Probablement le témoignage le plus à charge contre le bagne et l'injustice, érigée en principe judiciaire par la France et son gouvernement post-communard.  Entre 1890 et 1893, à partir de documents d'archives authentiques mentionnant le nom de Zacharie Blondel, Philippe Cuisset va dresser à ses lecteurs l'itinéraire de souffrance et de calvaire de ce malheureux Zacharie, réduit au numéro de matricule infamant de 1782 entre Brest et la Nouvelle Calédonie.



C'est en fait à un destin bien sordide que le monstrueux sytème politique, économique et colonial de cette époque va briser jusqu'à son dernier souffle et sa vie Zacharie et à travers lui de nombreux autres hommes dont on ne peut pas dire qu'ils aient menés un vie de délinquance et de haute criminalité.... de simples paysans, fermiers, artisans ruinés par la misère, la crise, le plus souvent en charge de famille qu'il fallait bien nourrir pour survivre d'où de simples pécadilles comme le vol de poules ou de nourriture mais, hélas pour le système judiciaire de l'époque des récidivistes qu'il faut exclure à tout prix de la société.

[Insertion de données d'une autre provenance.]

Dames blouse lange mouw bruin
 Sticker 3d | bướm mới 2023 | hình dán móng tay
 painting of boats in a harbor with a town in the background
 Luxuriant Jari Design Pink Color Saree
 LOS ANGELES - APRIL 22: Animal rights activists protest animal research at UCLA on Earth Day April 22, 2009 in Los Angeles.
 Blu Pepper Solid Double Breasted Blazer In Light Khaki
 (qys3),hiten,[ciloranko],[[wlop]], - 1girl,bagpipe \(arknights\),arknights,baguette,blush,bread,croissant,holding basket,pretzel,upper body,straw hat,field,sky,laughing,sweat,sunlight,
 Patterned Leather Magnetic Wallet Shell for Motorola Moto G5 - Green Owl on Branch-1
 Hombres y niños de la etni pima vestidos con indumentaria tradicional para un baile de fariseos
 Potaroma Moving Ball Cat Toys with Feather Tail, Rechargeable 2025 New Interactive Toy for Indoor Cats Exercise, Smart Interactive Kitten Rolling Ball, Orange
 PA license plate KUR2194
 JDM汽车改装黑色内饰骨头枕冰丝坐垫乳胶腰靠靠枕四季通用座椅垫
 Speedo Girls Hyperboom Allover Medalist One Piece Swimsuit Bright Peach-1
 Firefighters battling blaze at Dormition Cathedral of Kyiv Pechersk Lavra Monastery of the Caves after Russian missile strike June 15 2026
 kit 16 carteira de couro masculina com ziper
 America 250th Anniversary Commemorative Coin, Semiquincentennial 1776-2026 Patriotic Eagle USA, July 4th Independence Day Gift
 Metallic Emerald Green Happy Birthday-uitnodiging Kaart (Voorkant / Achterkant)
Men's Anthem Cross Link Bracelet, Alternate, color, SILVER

Cette chaîne d'inhumanité est cyniquement démontée et autopsiée avec le cynisme de l'époque par Philippe Cuisset. Du juge partial appliquant avec cynisme des lois discriminatoires pour les plus faibles et pauvres des français (de métropole comme d'Algérie), aux directeurs des prisons fournisseurs de chair humain à des industries (celle du Nickel en particulier) en pleine croissance, à l'armée, aux gendarmes, à la compagnie maritime qui va les acheminer telle de la viande vers des nouvelles colonies (ici la Nouvelle Calédonie), comme au médecin présent à bord de ces galères modernes dont le seul souci est que le chargement arrive en relatif bon état à destination.... Comble de l'ironie, les forçats arrivant au terme de leur peine vont être "généreusement" récompensés par un bout de terre totalement desséché et aride  (en clair inexploitable) de cette terre calédonienne qui l'a vu ployer sous la charge de la déforestation puis de la recherche du nickel durant l'exécution de sa peine....... cette longue chaîne ne peut qu'amener le lecteur à la nausée et au dégoût.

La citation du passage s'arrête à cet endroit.